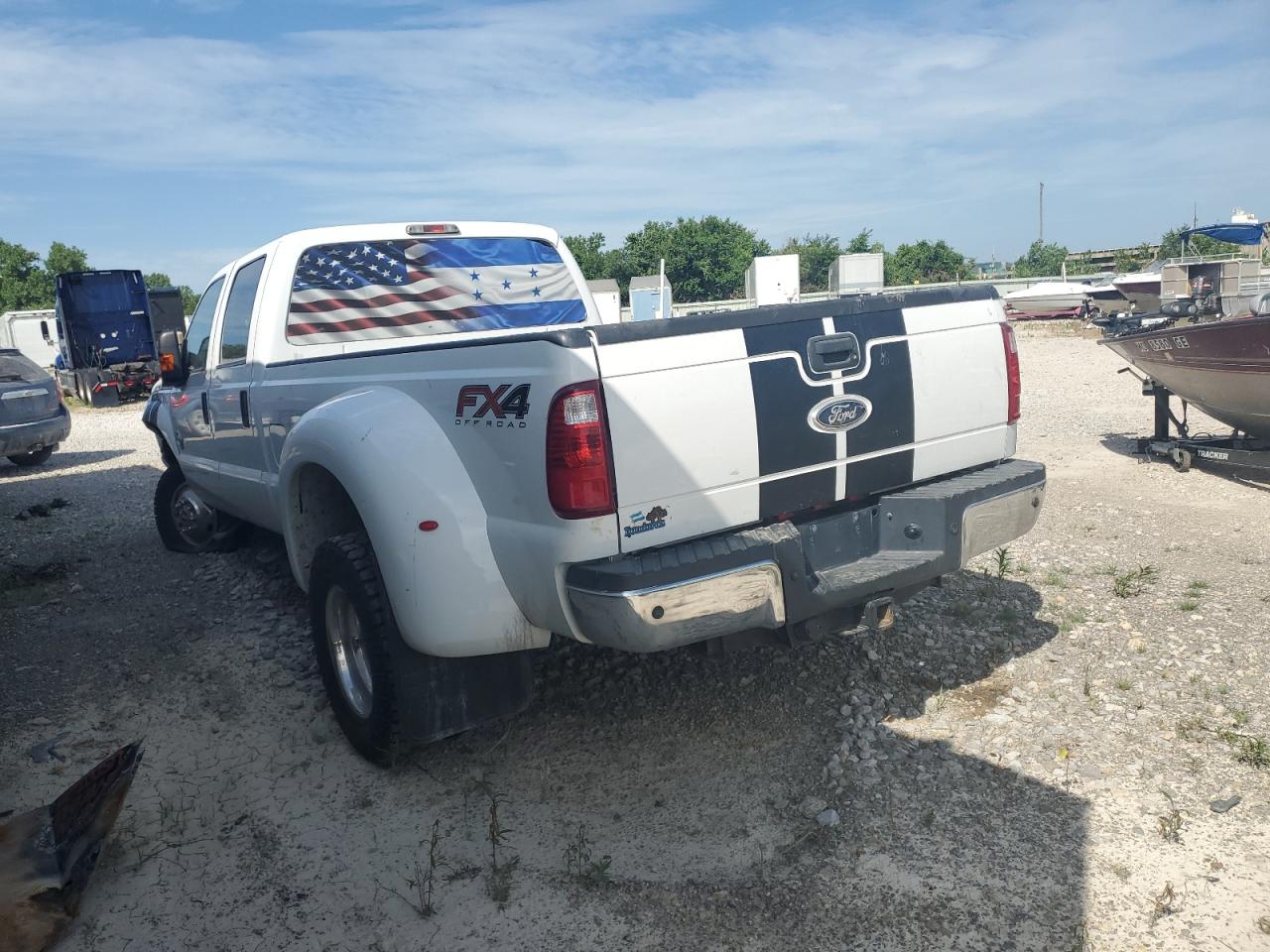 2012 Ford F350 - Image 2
════════════════════
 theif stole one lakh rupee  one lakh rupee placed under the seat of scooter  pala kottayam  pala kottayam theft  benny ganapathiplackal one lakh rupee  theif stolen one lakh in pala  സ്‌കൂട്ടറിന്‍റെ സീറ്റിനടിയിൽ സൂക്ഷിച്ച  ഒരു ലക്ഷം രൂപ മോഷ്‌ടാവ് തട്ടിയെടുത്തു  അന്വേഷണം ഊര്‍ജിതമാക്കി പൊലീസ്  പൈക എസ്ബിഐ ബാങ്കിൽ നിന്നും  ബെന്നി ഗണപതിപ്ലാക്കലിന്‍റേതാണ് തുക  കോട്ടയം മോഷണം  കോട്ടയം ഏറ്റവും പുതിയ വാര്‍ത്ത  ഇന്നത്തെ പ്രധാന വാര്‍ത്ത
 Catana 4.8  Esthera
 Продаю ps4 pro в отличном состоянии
════════════════════
» **ACTIVITY**
Among the entries above, find the line with "theif stole one" and the line with "Продаю ps4 pro в отличном состоянии"; give again exactly these two lines and all lines between them.

» **SOLUTION TO THIS EXERCISE**
 theif stole one lakh rupee  one lakh rupee placed under the seat of scooter  pala kottayam  pala kottayam theft  benny ganapathiplackal one lakh rupee  theif stolen one lakh in pala  സ്‌കൂട്ടറിന്‍റെ സീറ്റിനടിയിൽ സൂക്ഷിച്ച  ഒരു ലക്ഷം രൂപ മോഷ്‌ടാവ് തട്ടിയെടുത്തു  അന്വേഷണം ഊര്‍ജിതമാക്കി പൊലീസ്  പൈക എസ്ബിഐ ബാങ്കിൽ നിന്നും  ബെന്നി ഗണപതിപ്ലാക്കലിന്‍റേതാണ് തുക  കോട്ടയം മോഷണം  കോട്ടയം ഏറ്റവും പുതിയ വാര്‍ത്ത  ഇന്നത്തെ പ്രധാന വാര്‍ത്ത
 Catana 4.8  Esthera
 Продаю ps4 pro в отличном состоянии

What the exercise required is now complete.